### Dataset extract
────────────────────

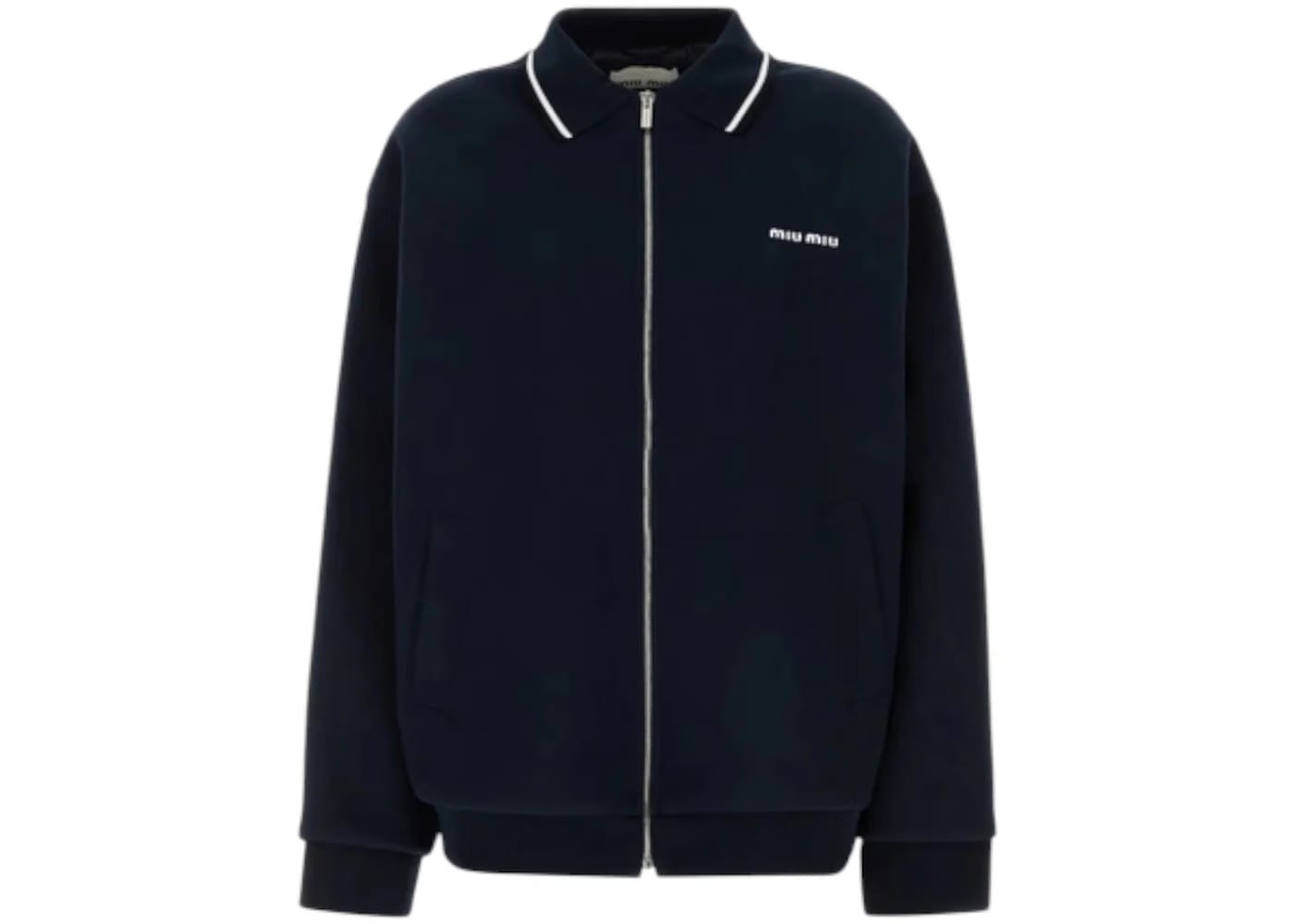 Miu Miu Piquet Blend Blouson Bleu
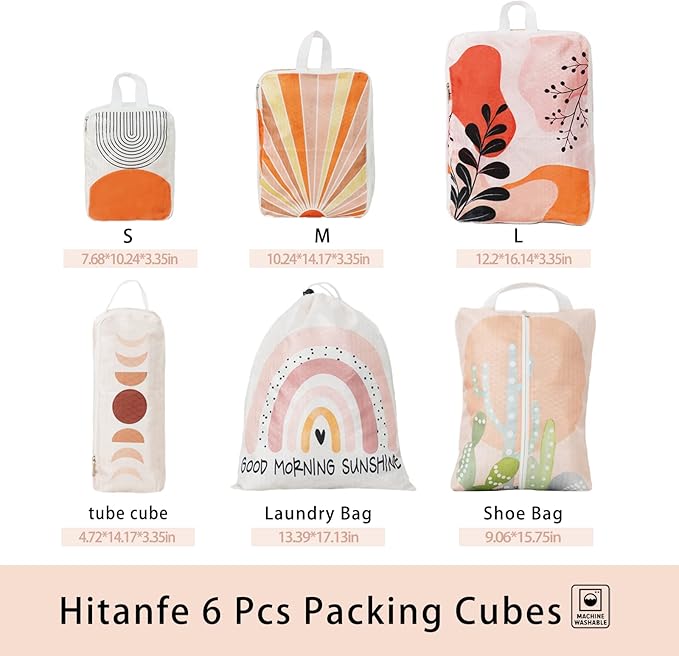 6 Pcs Compression Packing Cubes for Travel, Waterproof Luggage Organizer Washable Storage Bags Set - Packaging Cubes for Backpack Travel and Carry-Ons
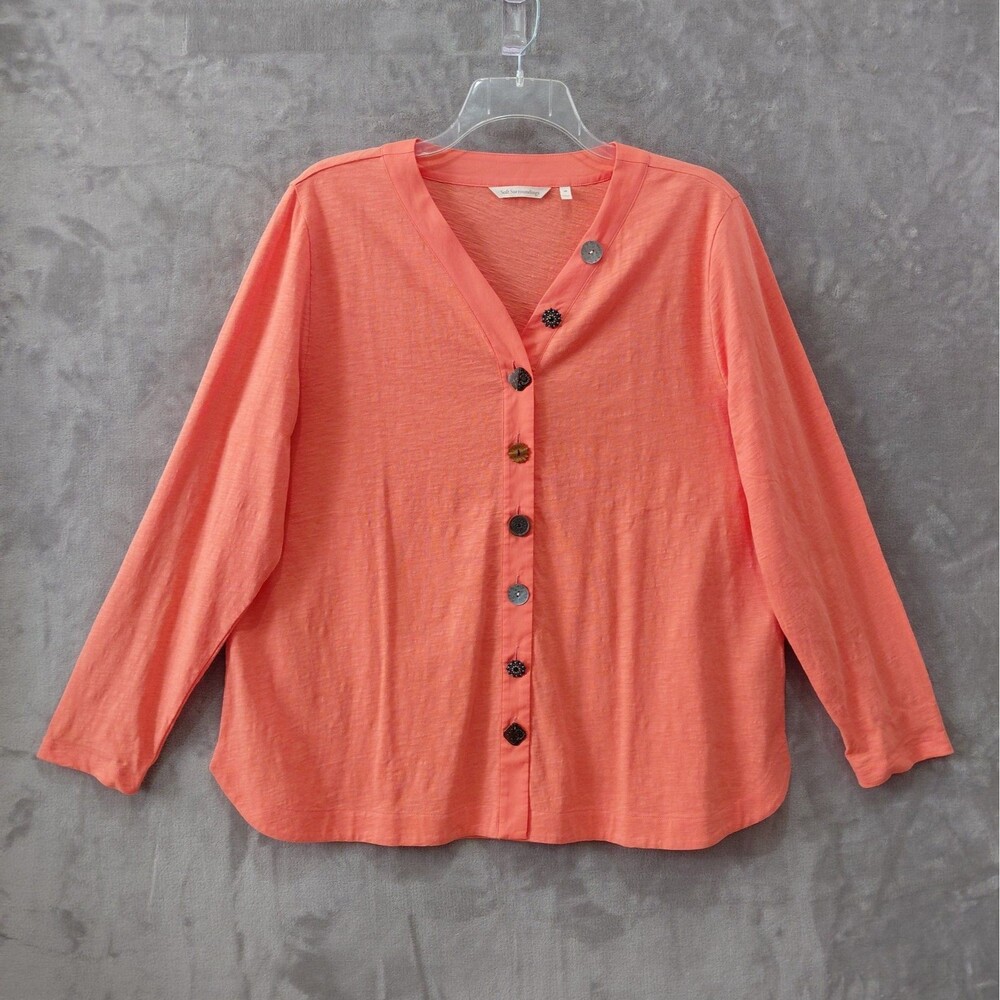 Soft Surroundings Delia Mixed Buttons Top Women's 1X Orange Cotton Office EUC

────────────────────

### Task to complete
Exact copy, no pictures: please print the data above once more.

### Task answer
 Miu Miu Piquet Blend Blouson Bleu
 6 Pcs Compression Packing Cubes for Travel, Waterproof Luggage Organizer Washable Storage Bags Set - Packaging Cubes for Backpack Travel and Carry-Ons
 Soft Surroundings Delia Mixed Buttons Top Women's 1X Orange Cotton Office EUC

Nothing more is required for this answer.